If you were routinely STRONGLY defending two friends of yours that other people were always accusing of being a couple of lowdown, dirty ass crooks--------and the REASON why you felt justified in defending them was because they repeatedly told YOU that all they were was just a couple of regular, upstanding citizens,

But WAIT-----out of NOWHERE, you suddenly find out that their asses were REALLY a couple of full time contract killers who also dabbled in a little cocaine and heroin trafficking on the side-------ALL ALONG!

If this happened to you, do you think it's possible that you might feel just a little bit BETRAYED?
Analogies are bad. Bad analogy is bad.

The deal is, 99% of women are "sluts". Once you're okay with that fact then this shouldn't have been an issue.

It was your(pandora) fault actually, believing that these girls are perfect angels.


Also, I sense a lot of guys here have misconstrued views regarding women having sex/multiple partners. Just accept the fact that women love sex as much as you do and that women have more sexual partners in their lifetime than men (on average). That means, if you are not banging them someone else is. Once you accept that, this post is silly.

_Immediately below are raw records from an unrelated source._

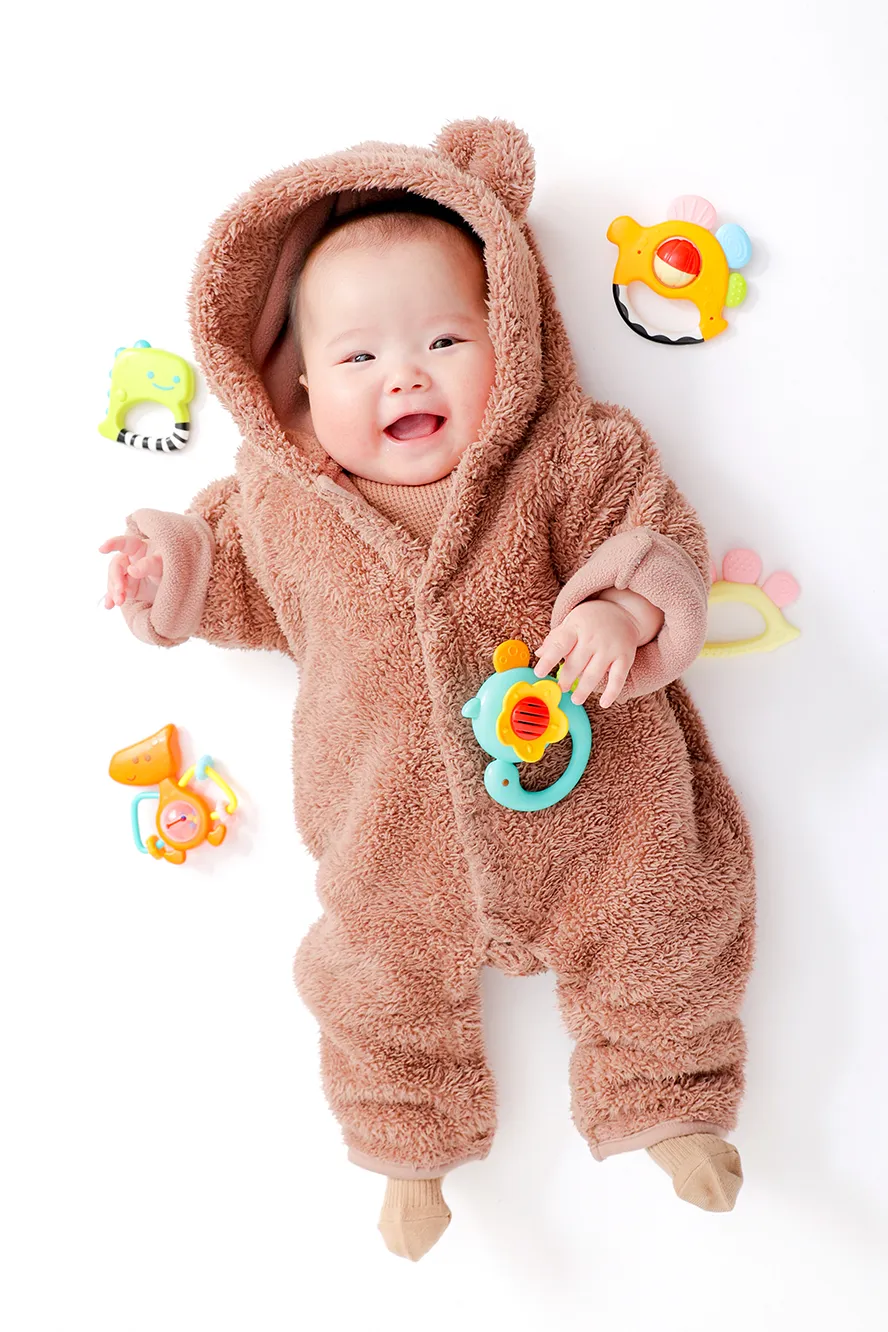 トイザらス キッズモデル 女の子 0歳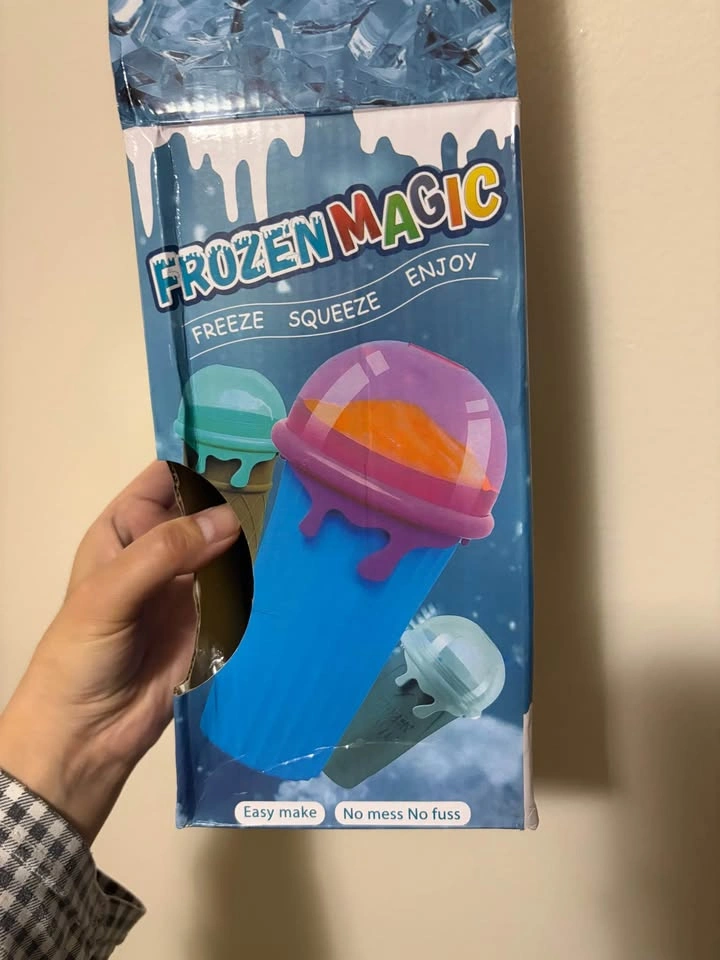 Frozen Magic Squeeze Slushy Cup - photo 2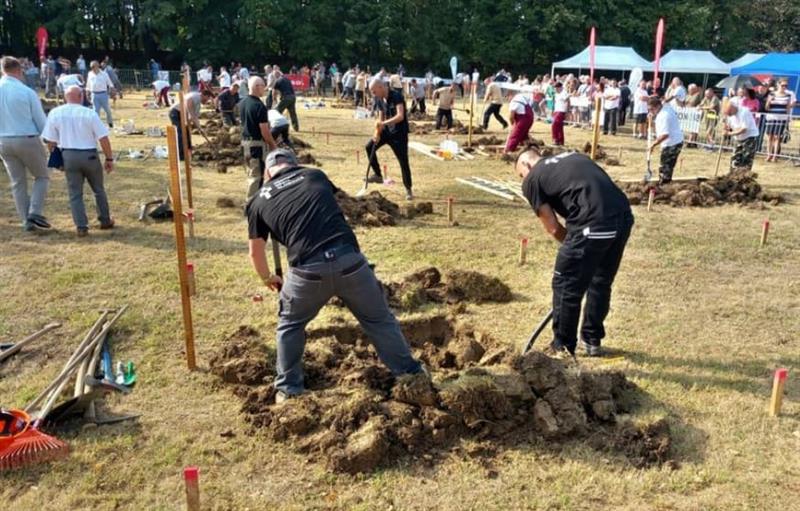 Кој е најдобар гробар- во Унгарија се одржа бизарен натпревар со учесници од целиот свет (ВИДЕО)
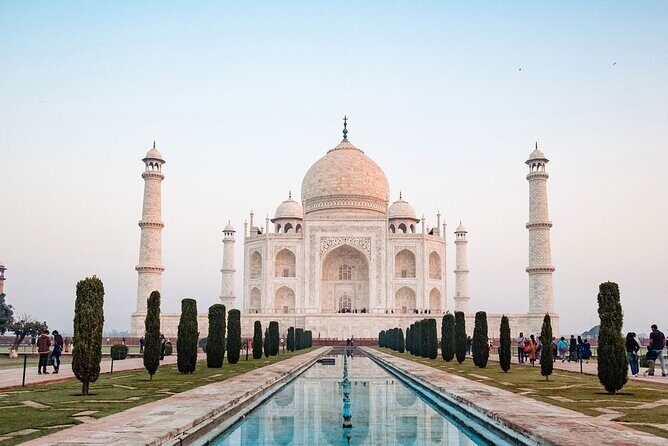 Skip the line Taj Mahal and Agra Fort private Tour by Car - Why this private combo makes sense in Agra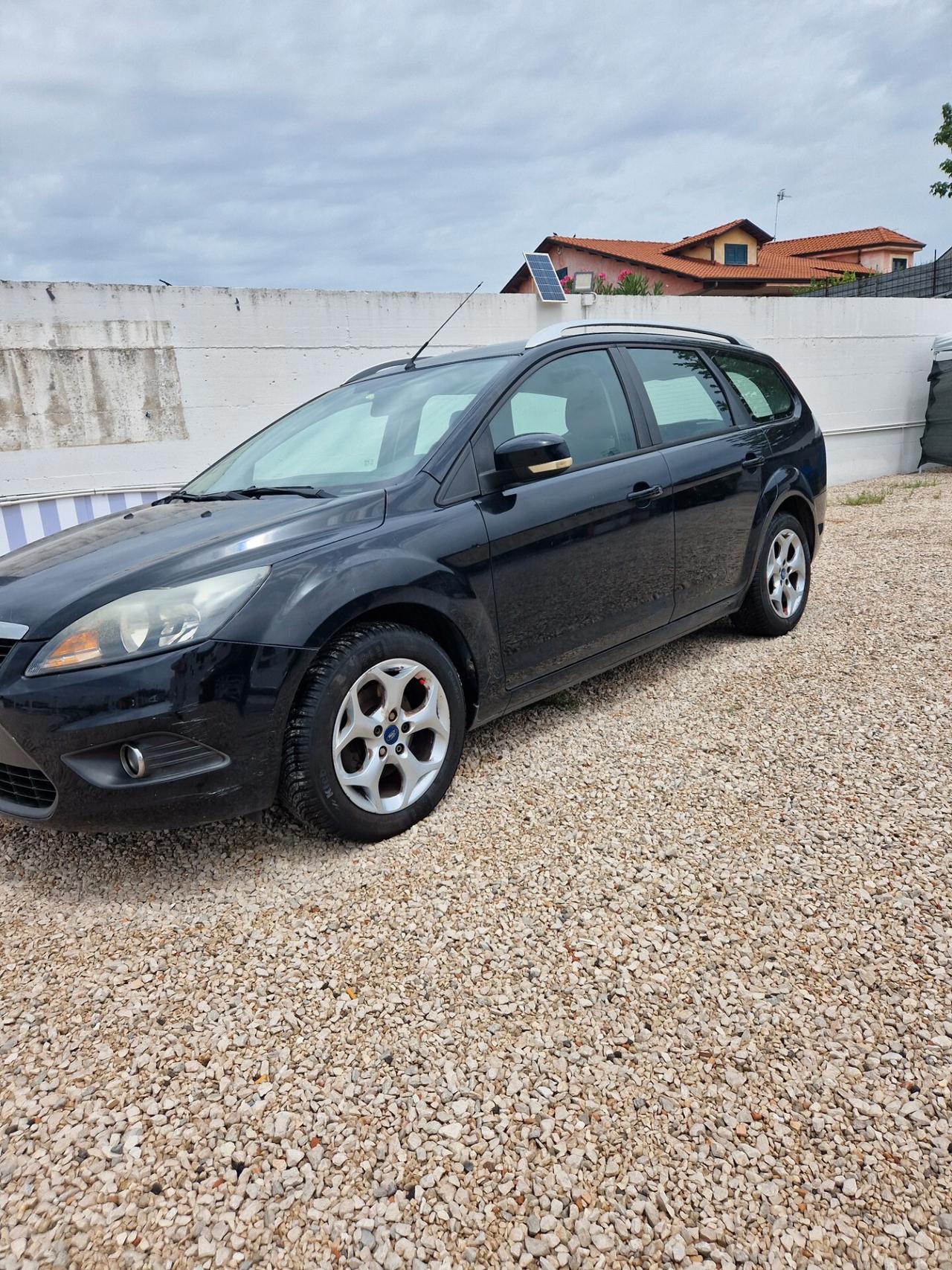 Ford Focus 1.6 TDCi 115 CV SW Titanium perfetta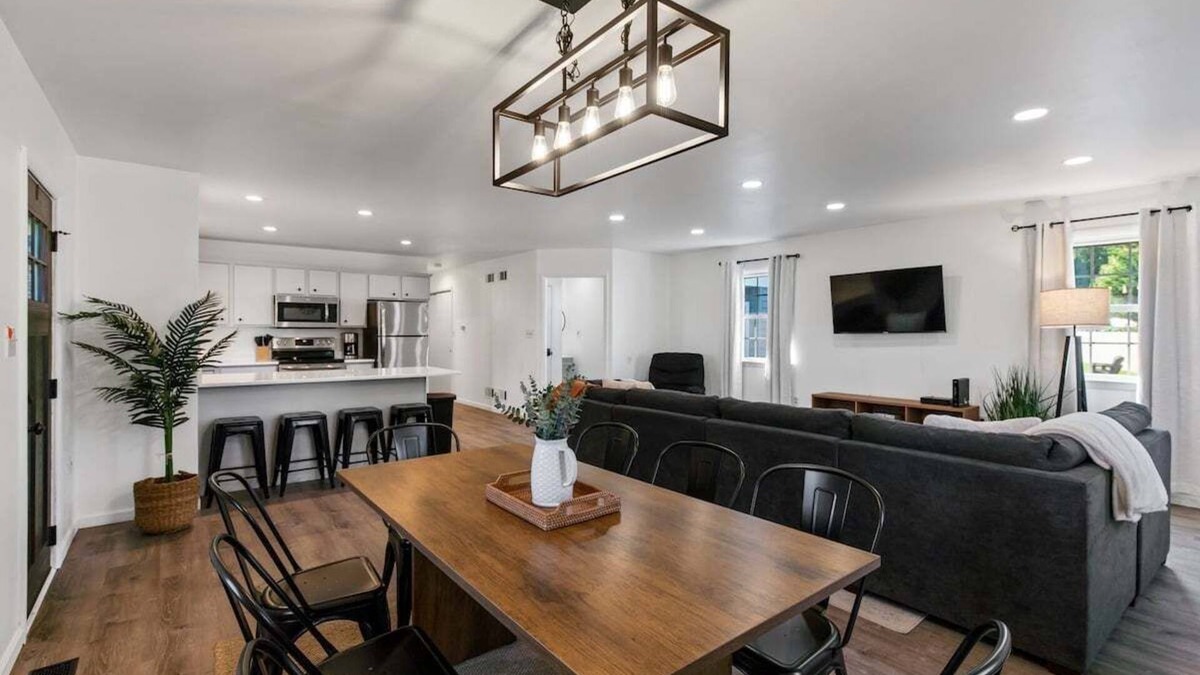 Witmer House | Lancaster Abode-5 mins to RT30, indoor fireplace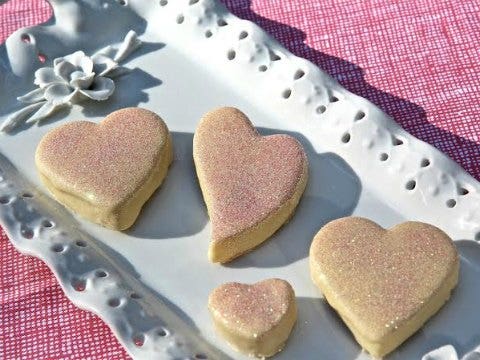 Valentine&#039;s Day desserts white chocolate lemon cake balls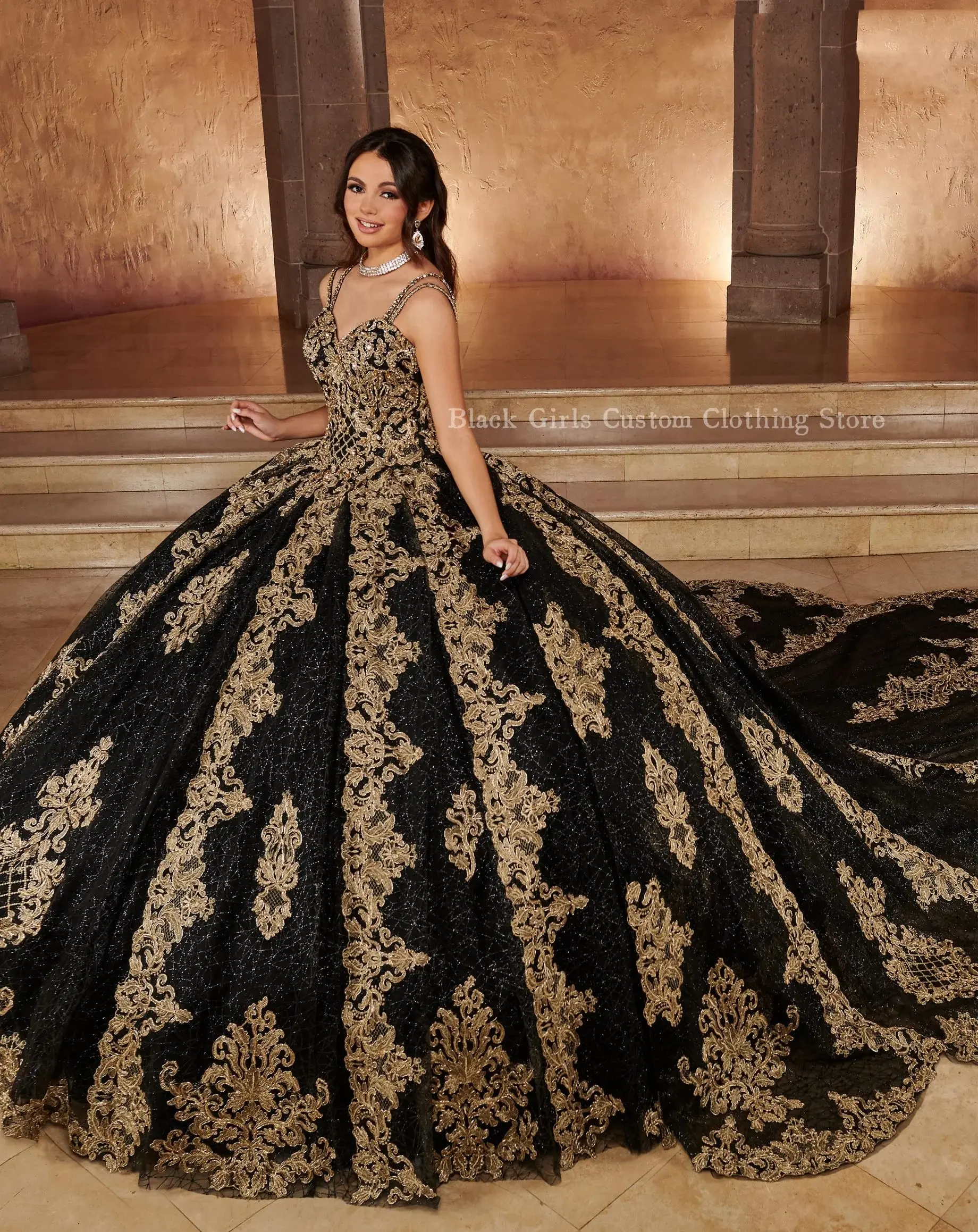 Customised Delicado Halter Quincenara Dresses Black Sheath Gold Applique Boning Corset Sparkling Sweetheart 16 vestidos de gala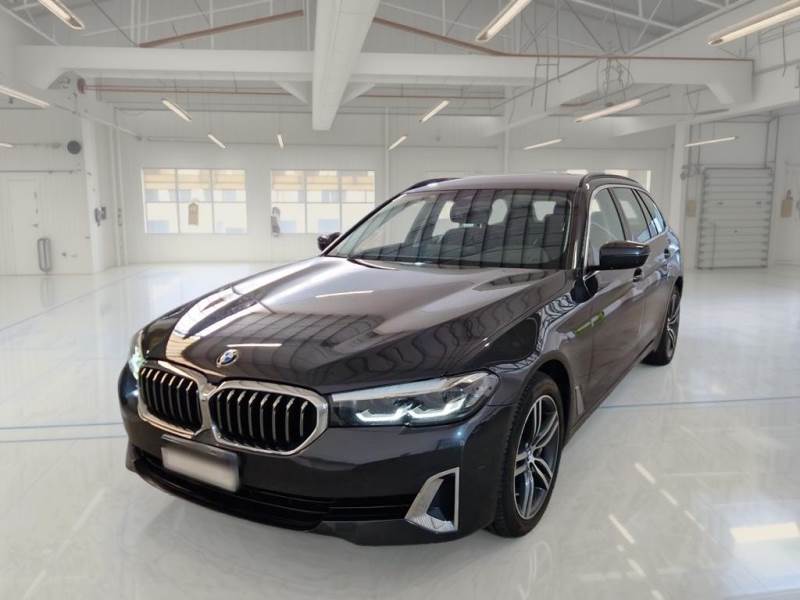 BMW 5 BMW SERIE 5 / 2020 / 5P / STATION WAGON 530D 183KW XD LUXURY AUTO TOURING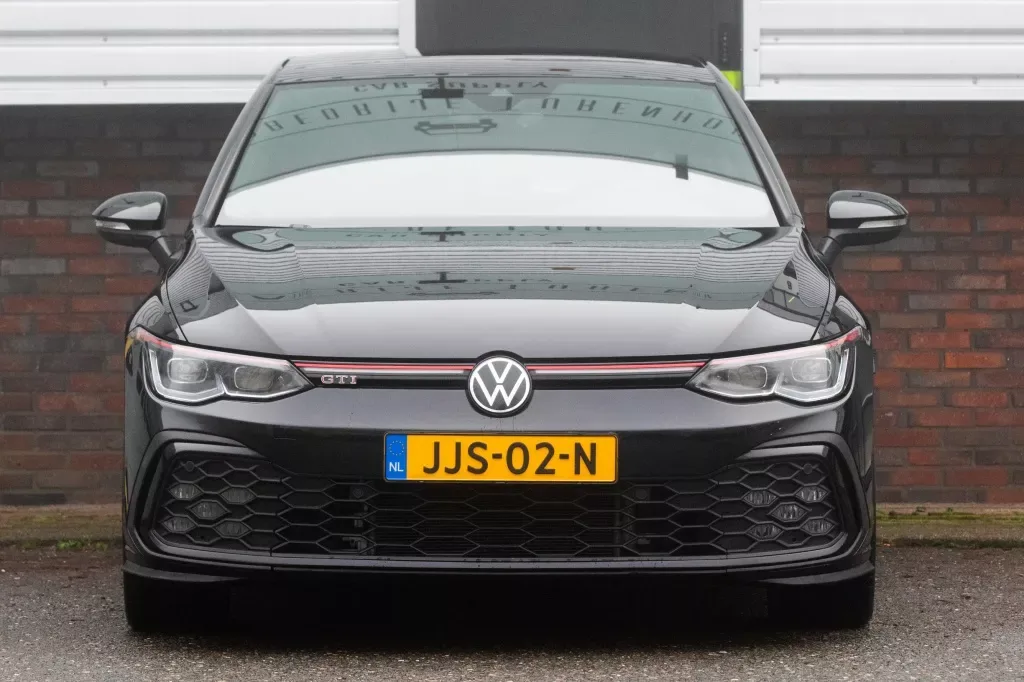 Volkswagen Golf (2022) — foto 1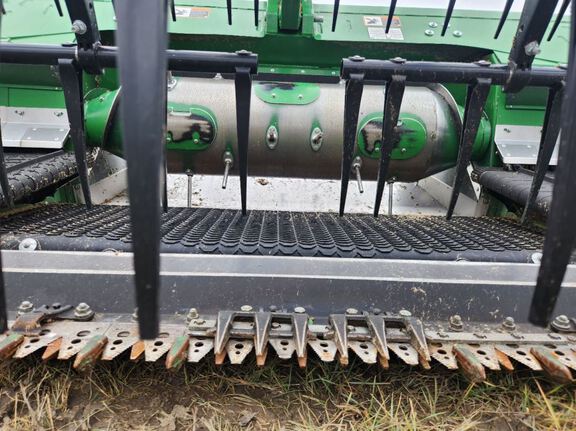 2025 John Deere RD40F Header Combine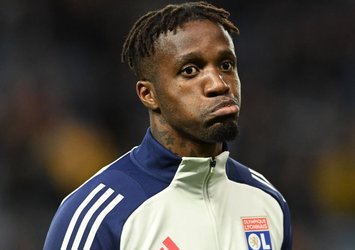 Lyon'da Zaha şoku!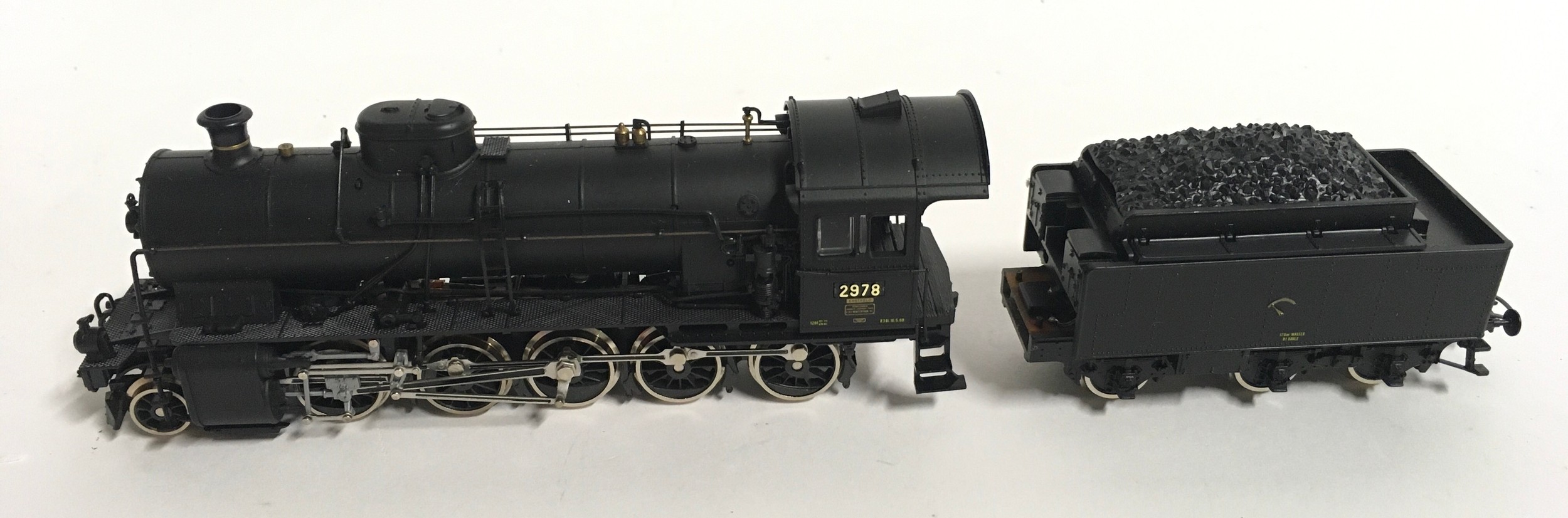 Roco HO Gauge 2-rail 04111 2-10-0 Steam Outline Locomotive 2976 Class 5/6, black, with 6-wheeled - Image 2 of 2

A better analogy would be the story of the scorpion and the frog.

Once upon a time, a scorpion wants to cross a river but he cant swim, so he asks the frog for help. The frog says, "fvck you, you are just going to sting me with your fooking tail".

"No, I promise I wont. We'd both die if I did, what sense is that?", said the scorpion.

The frog thought about it and admitted that the scorpion was right. I mean what kind of dumbass would do something foolish that would result in their own death.

So as they are crossing, the frog feels a sharp stick behind his back.

"Foook youuuu Scorpion, you just fooked me in the ass. Now we'll both drown. Whyyyyyy... whyyyy did you do it?"

"Sorry bro, it's just my nature", said the scorpion.

The frog's anus was bleeding from the scorpion's anal penetration of his long tail. The frog died of blood loss but the scorpion lived.


So fellas, it's just women's nature to sleep around (like us).